We are hearing these names a lot, and it’s only going to continue (p.s. VOTE). But don’t these names seem a bit… ordinary to you?
How popular are these Democratic candidate names throughout history? The babynames dataset can help shed some light on this question. Let’s look at the proportion of babies with these particular names over time.
candidates <- c("Elizabeth", "Amy", "Joseph", "Peter", "Bernard", "Michael", "Thomas")
candidate_status <- c(T, F, T, F, T, T, F)
yearTotals <- babynames %>%
group_by(year) %>%
summarise(yearTotal = sum(n))
candidateData <- babynames %>%
filter(name %in% candidates) %>%
group_by(year, name) %>%
summarise(count = sum(n))
candidateData <- merge(candidateData, yearTotals, by.x = "year", by.y = "year")

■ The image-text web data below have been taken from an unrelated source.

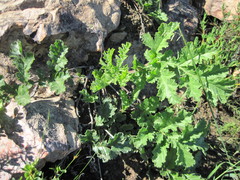 Pelargonium radulifolium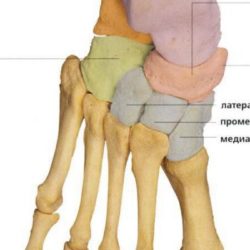 Ушиб ладьевидной кости стопы симптомы и лечение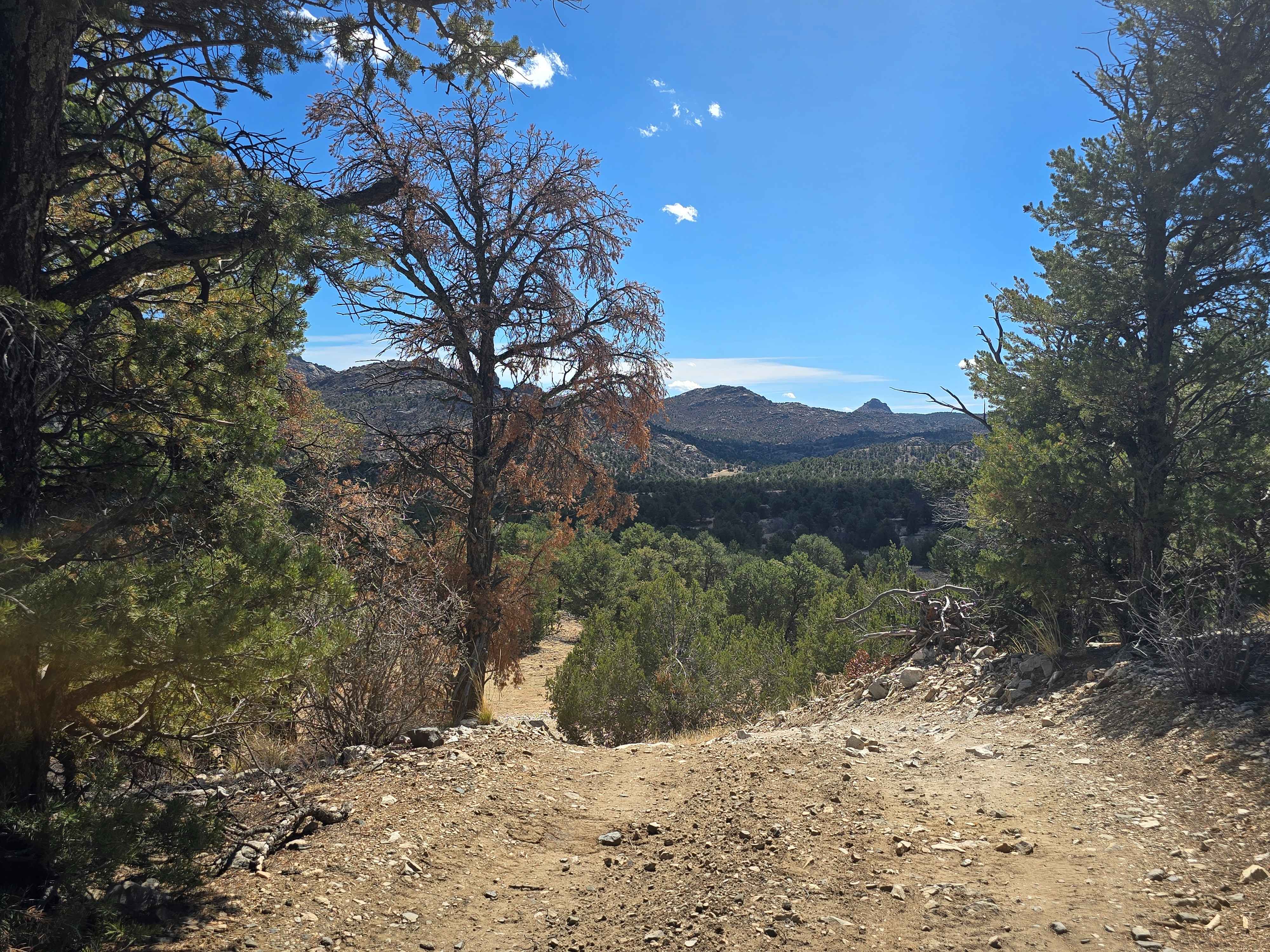 South Fern Leaf Gulch Road - BLM 6140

candidateData$prop <- candidateData$count / candidateData$yearTotal
ggplot(candidateData, aes(year, prop, col = name, group = name)) +
geom_point() +
geom_line() +
theme_minimal() +
ylab("proportion of babies in year")
Fad names (with peaks): Amy, Thomas, Michael
More stable names: Bernard, Elizabeth, Joseph, Peter
For the sticklers, we can just look at the ones moving forward.
ggplot(subset(candidateData, name %in% candidates[candidate_status]), aes(year, prop, col = name, group = name)) +
geom_point() +
geom_line() +
theme_minimal() +
ylab("proportion of babies in year")
But this is just proportion of babies over time. What about the ranking of names? (Insert ranked choice voting joke here.)
test <- babynames %>%
group_by(year, name) %>%
summarise(count = sum(n))
allYears <- unique(test$year)
# this is gross, but bear with me
helper <- function(x) {
dat <- subset(test, year == x)
dat <- dat %>% arrange(desc(count))
dat$ranking <- 1:nrow(dat)
return(dat)
}
byYearRanking <- lapply(allYears, helper)

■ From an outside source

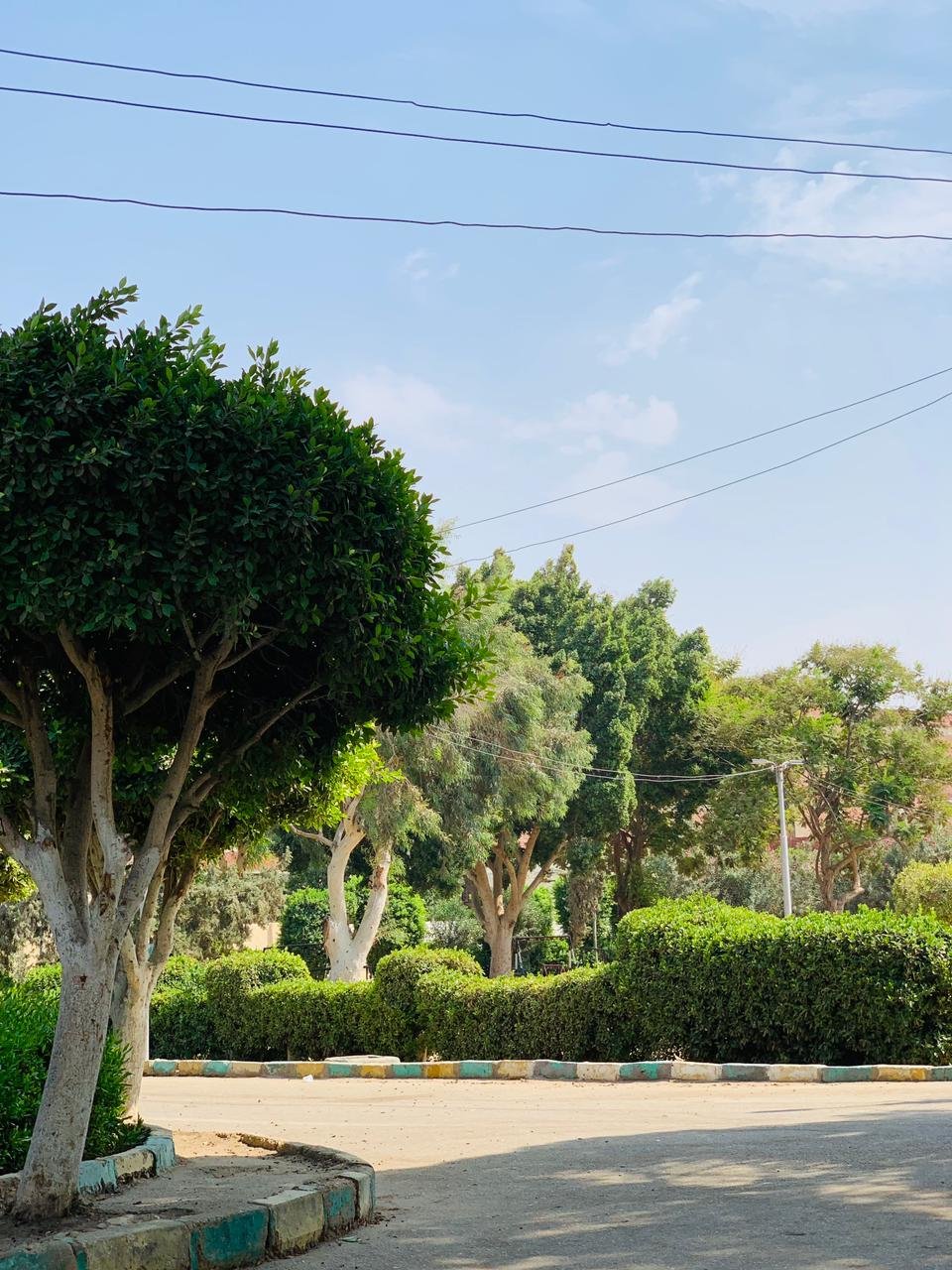 ميدان اللوتس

allRanked <- do.call("rbind", byYearRanking)
allRanked %>%
filter(name %in% candidates) %>%
ggplot(., aes(year, ranking, col = name, group = name)) +
geom_point() +
geom_line() +
theme_minimal()
Many of these names are ranked pretty high fairly consistently.
allRanked %>%
filter(name %in% candidates[candidate_status]) %>%
ggplot(., aes(year, ranking, col = name, group = name)) +
geom_point() +
geom_line() +
theme_minimal()
Alas, poor Bernard, let’s zoom in a bit.
allRanked %>%
filter(name %in% candidates) %>%
ggplot(., aes(year, ranking, col = name, group = name)) +
geom_point() +
geom_line() +
theme_minimal() +
ylim(c(0, 750))
It appears that these names often make the top 200 of baby names each year.
What are the average and best ranks across time?
allRanked %>%
filter(name %in% candidates) %>%
group_by(name) %>%
summarise(avgRank = mean(ranking), bestRank = min(ranking)) %>%
arrange(avgRank)
# A tibble: 7 x 3
name avgRank bestRank
<chr> <dbl> <int>
1 Joseph 15.9 7
2 Thomas 30.4 10
3 Elizabeth 30.9 8
4 Michael 60.3 1
5 Peter 152. 67
6 Amy 288. 9
7 Bernard 594. 107
Joseph has the best average rank, but only Michael reached the top spot at one point in history.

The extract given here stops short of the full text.